Les échanges culturels entre Orient et Occident ne datent pas d’hier, en particulier le long de ce grand pont entre l’Asie et l’Europe qu’a été la Route de la Soie, et tout le monde connaît le Devisement du Monde de Marco Polo au XIII° siècle. Mais il y eut aussi au XVII° et au XVIII° siècle des missionnaires qui « connaissaient la Musique », tels le Jésuite Matteo Ricci siècle, et Teodorico Pedrini, compositeurs et clavecinistes de renom. Jordi Savall a récemment exploré ces routes pour reconstituer en musique l’« Epopée de François Xavier », parti de la « vieille Europe » vers le « pays du soleil levant » ; et un Concert baroque à la Cité interdite a eu lieu en 2009 a eu lieu à la Cité de la Musique.
Pourtant, la fusion que nous proposent les Passions a de quoi surprendre les oreilles les moins averties : « chaque note gémit, chaque note pèse », la musique chinoise privilégiant la mélodie plus que l’harmonie. De plus on pourrait y entendre un éloge de la lenteur, dans un mode de pensée bien différent du nôtre : « en Occident, nous avons l’habitude d’observer la nature de manière rationnelle et déductive, alors que les Chinois sont habitués à l’examiner de manière sensible et inductive ». Mais si l’on ferme les yeux, on se sent emporté, comme un matin calme sur le fleuve, par une subtilité et une profondeur intacte malgré les siècles qui nous séparent des compositeurs.
N’ayant pas de traduction simultanée, en écoutant chanter Wang Xin-Xin, j’imagine Dame Tse Yeh sous la dynastie Tsin :
Le savez-vous
que vous et moi
sommes deux branches
d’un seul arbre,
que votre joie
sourit en moi,
que vos chagrins
pleurent en moi ?
Ou Li Po sous les Tang :
Les pointes de bambou percent le brouillard
Une cascade de cristal s’accroche au sommet d’émeraude.
Personne n’a su me dire où se trouve l’Ermite.
Je m’appuie aux pins, un peu mélancolique.

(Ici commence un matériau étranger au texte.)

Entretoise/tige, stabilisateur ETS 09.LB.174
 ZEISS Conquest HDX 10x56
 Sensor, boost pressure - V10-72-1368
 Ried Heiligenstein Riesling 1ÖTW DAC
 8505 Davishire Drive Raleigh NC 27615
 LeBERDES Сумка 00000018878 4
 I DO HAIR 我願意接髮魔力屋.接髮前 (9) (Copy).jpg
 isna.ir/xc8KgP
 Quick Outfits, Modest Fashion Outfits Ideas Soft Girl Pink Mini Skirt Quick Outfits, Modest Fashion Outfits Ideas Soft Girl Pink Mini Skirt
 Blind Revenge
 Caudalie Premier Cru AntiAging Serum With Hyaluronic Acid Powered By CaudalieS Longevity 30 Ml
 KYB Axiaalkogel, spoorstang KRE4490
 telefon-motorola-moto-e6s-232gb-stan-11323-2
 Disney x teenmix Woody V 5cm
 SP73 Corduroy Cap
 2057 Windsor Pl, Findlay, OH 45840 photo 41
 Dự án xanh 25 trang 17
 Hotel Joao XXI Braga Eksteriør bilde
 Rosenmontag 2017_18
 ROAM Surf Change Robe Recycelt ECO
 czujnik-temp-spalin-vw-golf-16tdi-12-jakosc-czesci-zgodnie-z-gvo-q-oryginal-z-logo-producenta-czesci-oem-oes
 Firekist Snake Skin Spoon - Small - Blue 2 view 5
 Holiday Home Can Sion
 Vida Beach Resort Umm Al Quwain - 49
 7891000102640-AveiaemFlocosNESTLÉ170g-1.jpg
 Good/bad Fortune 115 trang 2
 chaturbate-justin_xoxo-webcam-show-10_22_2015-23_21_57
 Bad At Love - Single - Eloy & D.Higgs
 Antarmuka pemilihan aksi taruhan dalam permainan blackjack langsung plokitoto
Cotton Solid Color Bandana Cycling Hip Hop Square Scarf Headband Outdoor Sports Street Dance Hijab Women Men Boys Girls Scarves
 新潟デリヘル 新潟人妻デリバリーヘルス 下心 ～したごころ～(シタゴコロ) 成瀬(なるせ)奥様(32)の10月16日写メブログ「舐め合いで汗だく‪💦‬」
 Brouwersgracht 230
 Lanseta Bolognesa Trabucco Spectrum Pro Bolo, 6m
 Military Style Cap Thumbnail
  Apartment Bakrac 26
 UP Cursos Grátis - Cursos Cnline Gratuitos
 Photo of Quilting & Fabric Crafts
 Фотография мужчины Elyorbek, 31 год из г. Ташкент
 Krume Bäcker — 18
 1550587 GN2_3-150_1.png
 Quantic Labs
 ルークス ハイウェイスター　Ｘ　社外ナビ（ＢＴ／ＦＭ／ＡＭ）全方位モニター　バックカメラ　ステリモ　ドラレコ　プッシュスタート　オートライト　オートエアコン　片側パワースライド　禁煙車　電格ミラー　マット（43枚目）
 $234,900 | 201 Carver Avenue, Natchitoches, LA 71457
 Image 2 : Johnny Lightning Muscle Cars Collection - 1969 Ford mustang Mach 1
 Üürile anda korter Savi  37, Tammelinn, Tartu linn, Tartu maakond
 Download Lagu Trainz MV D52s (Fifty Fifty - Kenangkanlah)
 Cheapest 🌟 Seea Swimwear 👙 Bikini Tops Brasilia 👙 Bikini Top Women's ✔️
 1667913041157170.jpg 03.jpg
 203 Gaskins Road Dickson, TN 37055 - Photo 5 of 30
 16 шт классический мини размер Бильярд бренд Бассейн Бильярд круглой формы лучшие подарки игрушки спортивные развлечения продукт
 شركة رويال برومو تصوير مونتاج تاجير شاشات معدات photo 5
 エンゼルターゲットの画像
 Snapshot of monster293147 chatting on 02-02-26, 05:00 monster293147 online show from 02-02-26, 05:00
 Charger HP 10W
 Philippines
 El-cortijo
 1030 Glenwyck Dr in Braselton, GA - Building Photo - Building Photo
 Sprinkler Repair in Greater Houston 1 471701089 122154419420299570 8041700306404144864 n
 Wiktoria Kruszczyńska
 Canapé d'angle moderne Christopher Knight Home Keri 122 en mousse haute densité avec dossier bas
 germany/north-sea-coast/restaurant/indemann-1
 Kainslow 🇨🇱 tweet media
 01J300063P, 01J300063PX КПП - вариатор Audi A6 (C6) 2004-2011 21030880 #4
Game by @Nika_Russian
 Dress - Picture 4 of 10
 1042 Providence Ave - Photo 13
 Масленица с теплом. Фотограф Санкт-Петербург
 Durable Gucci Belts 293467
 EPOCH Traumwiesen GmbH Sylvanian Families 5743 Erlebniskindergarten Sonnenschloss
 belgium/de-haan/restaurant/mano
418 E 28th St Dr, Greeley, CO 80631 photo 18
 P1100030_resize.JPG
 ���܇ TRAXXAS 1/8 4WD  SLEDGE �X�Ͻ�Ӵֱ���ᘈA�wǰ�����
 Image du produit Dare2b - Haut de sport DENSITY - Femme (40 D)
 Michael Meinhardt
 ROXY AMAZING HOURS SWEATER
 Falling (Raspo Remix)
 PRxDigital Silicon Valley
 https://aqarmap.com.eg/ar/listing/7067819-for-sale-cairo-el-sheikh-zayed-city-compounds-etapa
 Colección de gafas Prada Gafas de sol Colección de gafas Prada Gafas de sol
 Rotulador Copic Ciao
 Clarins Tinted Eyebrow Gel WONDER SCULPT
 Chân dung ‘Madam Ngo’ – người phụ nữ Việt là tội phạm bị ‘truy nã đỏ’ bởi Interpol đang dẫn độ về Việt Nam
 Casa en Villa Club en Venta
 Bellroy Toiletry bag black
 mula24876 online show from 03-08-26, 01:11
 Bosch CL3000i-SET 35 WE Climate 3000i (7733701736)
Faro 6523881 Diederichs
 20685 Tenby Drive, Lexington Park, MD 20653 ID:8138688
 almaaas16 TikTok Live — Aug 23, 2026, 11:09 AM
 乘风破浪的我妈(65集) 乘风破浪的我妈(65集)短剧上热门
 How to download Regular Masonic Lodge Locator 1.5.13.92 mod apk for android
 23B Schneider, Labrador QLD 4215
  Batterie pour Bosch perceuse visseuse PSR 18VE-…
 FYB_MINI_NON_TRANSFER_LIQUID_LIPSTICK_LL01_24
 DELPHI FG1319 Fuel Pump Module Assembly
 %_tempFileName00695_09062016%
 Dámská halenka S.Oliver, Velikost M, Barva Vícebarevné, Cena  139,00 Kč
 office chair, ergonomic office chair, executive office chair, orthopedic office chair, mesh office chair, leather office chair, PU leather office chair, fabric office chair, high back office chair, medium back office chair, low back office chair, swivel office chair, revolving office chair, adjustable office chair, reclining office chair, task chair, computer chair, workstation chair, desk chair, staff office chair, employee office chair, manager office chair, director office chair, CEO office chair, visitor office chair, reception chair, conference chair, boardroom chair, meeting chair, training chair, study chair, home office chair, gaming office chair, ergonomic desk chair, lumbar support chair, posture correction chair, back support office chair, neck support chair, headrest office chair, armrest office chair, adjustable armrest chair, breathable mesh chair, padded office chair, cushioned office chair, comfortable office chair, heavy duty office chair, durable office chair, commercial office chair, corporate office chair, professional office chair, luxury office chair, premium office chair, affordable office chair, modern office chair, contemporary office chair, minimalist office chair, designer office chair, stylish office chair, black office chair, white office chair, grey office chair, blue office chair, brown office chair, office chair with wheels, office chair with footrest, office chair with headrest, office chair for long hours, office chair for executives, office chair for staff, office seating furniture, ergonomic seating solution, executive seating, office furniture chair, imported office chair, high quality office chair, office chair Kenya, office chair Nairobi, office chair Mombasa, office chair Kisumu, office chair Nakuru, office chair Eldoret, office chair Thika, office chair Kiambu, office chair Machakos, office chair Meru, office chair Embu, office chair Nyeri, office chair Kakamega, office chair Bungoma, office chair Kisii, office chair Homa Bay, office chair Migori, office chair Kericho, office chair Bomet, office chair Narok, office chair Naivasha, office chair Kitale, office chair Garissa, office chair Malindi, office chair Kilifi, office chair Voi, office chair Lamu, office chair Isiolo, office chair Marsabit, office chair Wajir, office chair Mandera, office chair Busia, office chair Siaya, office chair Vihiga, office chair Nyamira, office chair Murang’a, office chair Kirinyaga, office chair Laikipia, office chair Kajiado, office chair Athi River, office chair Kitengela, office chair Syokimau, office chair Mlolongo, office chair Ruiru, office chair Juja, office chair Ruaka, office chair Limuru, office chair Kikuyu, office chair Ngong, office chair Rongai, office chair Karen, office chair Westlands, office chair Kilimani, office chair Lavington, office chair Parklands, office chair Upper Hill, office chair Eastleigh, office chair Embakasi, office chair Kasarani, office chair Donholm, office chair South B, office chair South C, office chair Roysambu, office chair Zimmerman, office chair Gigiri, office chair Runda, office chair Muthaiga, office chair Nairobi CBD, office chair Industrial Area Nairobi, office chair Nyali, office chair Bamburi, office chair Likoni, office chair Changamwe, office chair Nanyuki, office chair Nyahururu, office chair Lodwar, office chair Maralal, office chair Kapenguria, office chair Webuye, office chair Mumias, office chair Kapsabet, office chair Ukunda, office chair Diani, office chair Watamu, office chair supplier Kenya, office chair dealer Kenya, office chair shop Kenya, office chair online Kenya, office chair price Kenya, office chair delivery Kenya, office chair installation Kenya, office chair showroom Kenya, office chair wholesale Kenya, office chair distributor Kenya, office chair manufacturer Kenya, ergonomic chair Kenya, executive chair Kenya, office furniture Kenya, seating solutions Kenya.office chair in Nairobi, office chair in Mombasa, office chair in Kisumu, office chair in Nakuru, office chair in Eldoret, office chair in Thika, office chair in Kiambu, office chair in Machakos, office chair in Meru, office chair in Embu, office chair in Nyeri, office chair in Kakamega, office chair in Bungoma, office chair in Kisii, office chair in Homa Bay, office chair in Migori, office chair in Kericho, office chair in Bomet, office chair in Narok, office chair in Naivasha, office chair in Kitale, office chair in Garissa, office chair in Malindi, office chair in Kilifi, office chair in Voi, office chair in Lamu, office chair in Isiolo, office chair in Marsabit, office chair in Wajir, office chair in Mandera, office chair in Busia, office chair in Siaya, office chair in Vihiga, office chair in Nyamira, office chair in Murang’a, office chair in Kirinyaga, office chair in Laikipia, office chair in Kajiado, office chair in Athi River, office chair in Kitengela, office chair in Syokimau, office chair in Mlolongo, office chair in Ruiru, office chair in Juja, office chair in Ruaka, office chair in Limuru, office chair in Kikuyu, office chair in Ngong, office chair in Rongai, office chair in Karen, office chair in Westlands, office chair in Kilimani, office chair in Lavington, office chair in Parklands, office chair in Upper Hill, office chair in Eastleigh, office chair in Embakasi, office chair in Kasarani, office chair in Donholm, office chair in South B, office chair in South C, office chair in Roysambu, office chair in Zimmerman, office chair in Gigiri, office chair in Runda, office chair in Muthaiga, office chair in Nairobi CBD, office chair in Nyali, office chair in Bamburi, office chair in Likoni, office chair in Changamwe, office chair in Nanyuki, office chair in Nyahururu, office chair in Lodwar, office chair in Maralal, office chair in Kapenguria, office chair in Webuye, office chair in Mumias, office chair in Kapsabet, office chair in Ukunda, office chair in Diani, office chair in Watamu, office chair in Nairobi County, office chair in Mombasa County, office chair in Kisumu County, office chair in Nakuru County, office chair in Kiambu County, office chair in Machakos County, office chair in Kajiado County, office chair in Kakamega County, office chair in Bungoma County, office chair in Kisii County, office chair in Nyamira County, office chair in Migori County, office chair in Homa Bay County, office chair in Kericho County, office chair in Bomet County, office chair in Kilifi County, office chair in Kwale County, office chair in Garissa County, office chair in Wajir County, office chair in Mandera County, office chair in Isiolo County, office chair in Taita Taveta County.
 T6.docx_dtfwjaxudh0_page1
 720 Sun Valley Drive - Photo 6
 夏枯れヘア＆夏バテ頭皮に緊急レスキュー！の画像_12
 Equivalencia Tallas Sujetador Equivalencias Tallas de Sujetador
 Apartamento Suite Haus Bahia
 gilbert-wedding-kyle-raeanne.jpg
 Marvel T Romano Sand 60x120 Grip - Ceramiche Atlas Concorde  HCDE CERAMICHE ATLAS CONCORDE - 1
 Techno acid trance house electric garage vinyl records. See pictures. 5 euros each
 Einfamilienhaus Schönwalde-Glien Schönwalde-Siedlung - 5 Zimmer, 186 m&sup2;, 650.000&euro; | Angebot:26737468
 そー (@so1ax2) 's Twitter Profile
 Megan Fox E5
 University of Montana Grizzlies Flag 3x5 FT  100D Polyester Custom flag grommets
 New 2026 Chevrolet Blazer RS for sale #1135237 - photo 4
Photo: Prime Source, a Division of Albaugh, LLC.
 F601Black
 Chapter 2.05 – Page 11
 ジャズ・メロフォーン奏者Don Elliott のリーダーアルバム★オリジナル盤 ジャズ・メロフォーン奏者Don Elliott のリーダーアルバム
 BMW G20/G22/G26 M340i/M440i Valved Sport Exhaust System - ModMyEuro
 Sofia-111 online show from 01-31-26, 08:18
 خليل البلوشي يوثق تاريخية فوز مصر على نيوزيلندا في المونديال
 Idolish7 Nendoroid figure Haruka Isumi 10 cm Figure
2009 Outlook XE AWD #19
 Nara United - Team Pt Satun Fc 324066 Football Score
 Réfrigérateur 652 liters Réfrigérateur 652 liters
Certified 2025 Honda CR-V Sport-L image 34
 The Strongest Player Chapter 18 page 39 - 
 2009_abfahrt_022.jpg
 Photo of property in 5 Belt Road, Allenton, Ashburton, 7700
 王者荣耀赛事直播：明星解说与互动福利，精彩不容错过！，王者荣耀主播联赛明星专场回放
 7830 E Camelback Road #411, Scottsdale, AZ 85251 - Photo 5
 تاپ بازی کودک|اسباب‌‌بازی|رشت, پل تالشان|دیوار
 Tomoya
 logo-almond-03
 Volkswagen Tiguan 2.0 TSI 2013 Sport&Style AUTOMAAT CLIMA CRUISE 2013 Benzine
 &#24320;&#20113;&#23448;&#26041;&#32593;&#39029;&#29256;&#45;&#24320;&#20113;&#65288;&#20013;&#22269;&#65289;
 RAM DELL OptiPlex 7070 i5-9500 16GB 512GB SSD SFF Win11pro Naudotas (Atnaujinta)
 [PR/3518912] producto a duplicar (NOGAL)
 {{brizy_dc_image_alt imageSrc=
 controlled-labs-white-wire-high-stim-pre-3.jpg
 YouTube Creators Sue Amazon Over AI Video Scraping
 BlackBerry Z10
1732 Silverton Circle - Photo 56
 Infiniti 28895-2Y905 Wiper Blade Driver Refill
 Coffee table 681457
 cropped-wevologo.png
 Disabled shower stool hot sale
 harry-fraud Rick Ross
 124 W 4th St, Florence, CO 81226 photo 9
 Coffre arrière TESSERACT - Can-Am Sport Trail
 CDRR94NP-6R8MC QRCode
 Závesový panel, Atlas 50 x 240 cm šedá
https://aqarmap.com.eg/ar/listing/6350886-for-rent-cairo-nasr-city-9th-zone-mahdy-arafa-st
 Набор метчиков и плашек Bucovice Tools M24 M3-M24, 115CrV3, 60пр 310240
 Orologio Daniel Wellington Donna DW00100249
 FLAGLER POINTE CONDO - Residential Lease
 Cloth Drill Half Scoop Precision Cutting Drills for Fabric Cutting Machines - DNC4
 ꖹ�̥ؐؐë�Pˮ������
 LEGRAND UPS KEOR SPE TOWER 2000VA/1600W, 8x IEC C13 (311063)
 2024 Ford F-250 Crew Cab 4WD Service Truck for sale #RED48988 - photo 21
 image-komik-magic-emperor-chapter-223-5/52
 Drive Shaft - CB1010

Et je retrouve l’espace d’un concert le printemps sur une rivière au clair de lune. Le rituel asiatique ajoute à la solennité des interprétations et même les costumes chatoyants des musiciennes sont un régal pour les yeux.
Sous le charme, je ne m’étonne plus de voir comment des musiciens d’horizons si éloignés peuvent dialoguer sur des thèmes écrits, le Concerto pour flûte de Vivaldi ou sa Follia rencontrant la Fantaisie ou l’Embuscade de compositeurs chinois.
Seule fausse note, une vidéo aux prétentions contemporaines phagocyte la musique, provoquant même parfois une gène inopportune dans l’ambiance sereine distillée par celle-ci.
Sur le final, on apprécie de retrouver les harmonies baroques avec les musiciens au complet qui reçoivent de longs applaudissements bien mérités et nous quittent sur une belle image : celle de femmes et d’hommes aux costumes, aux us et coutumes bien différents, unis par une même sensibilité et par une même volonté de nous la faire partager.
Dehors il ne neigeait plus,
Mais que sont les flocons sinon des fleurs
Et par-delà les nuages le printemps.